The 165% increase in noninterest income compared to the second quarter of 2019 was primarily due to an $8.0 million increase in gain on sale of loans and a $4.3 million increase in mortgage warehouse fees. Also included in noninterest income for the second quarter of 2020 was a $500,000 negative fair market value adjustment to mortgage servicing rights, which compared to a $2.9 million negative fair market value adjustment for the second quarter of 2019.

The 32% increase in noninterest income compared to the first quarter of 2020 was primarily due to a $7.4 million increase in loan servicing fees and $2.7 million increase in mortgage warehouse fees, that were partially offset by a $4.1 million decrease in gain on sale of loans.   Included in loan servicing fees for the second quarter of 2020 was a $500,000 negative fair market value adjustment to mortgage servicing rights, which compared to a $6.5 million negative fair market value adjustment for the first quarter of 2020.

At June 30, 2020, the mortgage servicing rights asset was valued at $72.9 million, a decrease of 2% compared to both June 30, 2019 and December 31, 2019.  The value of mortgage servicing rights generally declines in falling interest rate environments and increases in rising interest rate environments.

Noninterest Expense
Noninterest expense of $20.3 million for the second quarter of 2020 increased $4.4 million, or 27%, compared to the second quarter of 2019 and decreased $2.0 million, or 9%, compared to the first quarter of 2020. 

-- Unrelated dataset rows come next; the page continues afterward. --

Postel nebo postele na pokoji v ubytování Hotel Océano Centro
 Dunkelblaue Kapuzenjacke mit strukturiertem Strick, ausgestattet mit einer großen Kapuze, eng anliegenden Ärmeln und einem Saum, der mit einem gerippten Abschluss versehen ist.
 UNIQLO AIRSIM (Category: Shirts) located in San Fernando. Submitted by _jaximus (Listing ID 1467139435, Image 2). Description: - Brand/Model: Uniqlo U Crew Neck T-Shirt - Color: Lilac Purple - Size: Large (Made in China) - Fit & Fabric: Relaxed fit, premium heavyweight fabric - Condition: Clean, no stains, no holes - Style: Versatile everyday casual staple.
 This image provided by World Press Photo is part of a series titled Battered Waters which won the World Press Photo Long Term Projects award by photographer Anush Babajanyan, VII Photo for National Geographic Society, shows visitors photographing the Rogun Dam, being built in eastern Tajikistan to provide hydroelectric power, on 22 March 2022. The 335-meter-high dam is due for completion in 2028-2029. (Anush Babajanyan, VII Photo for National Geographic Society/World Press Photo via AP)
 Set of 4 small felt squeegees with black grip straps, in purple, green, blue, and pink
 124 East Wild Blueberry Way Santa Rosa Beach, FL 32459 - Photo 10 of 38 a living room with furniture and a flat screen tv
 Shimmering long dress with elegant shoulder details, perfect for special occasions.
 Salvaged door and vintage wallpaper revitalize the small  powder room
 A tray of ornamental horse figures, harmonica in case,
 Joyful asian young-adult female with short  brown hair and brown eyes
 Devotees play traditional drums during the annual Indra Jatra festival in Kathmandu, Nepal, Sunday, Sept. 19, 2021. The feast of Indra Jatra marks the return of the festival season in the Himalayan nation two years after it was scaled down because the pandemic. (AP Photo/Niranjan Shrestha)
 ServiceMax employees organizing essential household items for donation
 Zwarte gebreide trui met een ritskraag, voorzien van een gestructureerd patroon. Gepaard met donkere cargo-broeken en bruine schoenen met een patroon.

The 27% increase in noninterest expense compared to the second quarter of 2019 was due primarily to a $1.9 million, or 19%, increase in salaries and employee benefits to support business growth and a $1.6 million, or 749%, increase in deposit insurance related to the growth in deposits and assets.    The efficiency ratio of 26.2% for the second quarter of 2020 compared to 42.1% for the second quarter of 2019.

The 9% decrease in noninterest expense compared to the first quarter of 2020 was primarily due to a $2.4 million, or 17%, decrease in salaries and employee benefits that reflected lower commissions on lower gain on sale of loans.  The efficiency ratio of 26.2% for the second quarter of 2020 compared to 38.3% for the first quarter of 2020.

Segments
For the second quarter of 2020, net income for Mortgage Warehousing increased 338% compared to the second quarter of 2019, and increased 123% compared to the first quarter of 2020, reflecting significant growth in net interest income from higher loan volume. 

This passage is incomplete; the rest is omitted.